-- Data excerpts --
===

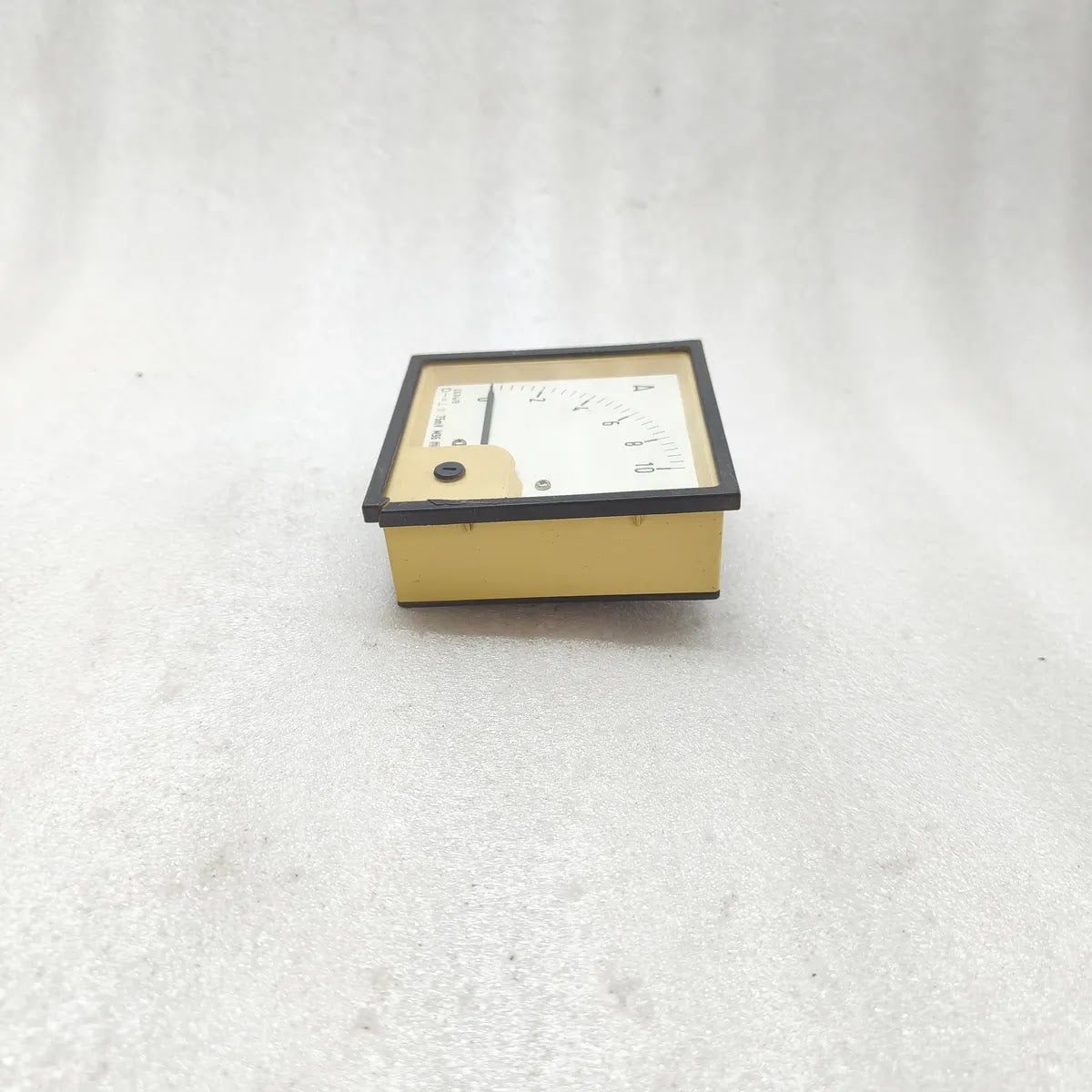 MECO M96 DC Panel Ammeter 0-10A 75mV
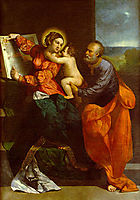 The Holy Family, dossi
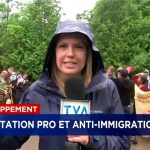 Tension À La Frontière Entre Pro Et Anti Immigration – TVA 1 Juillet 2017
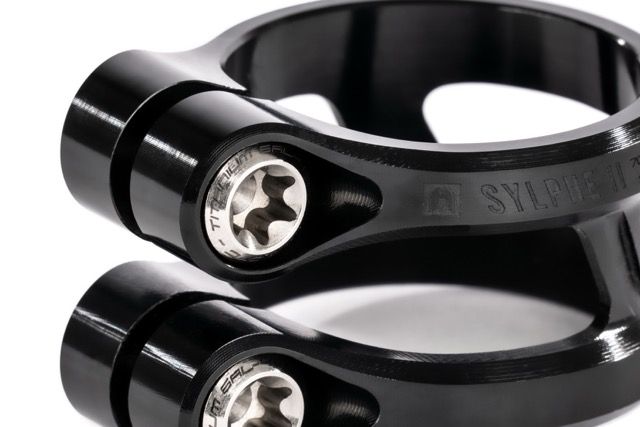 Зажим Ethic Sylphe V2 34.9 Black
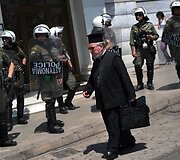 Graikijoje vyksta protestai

===

-- The task --
Please retype exactly the lines from the one containing "Tension À La" through the last line of the records, both included, leaving out every picture.

-- Solution to the problem --
 Tension À La Frontière Entre Pro Et Anti Immigration – TVA 1 Juillet 2017
 Зажим Ethic Sylphe V2 34.9 Black
 Graikijoje vyksta protestai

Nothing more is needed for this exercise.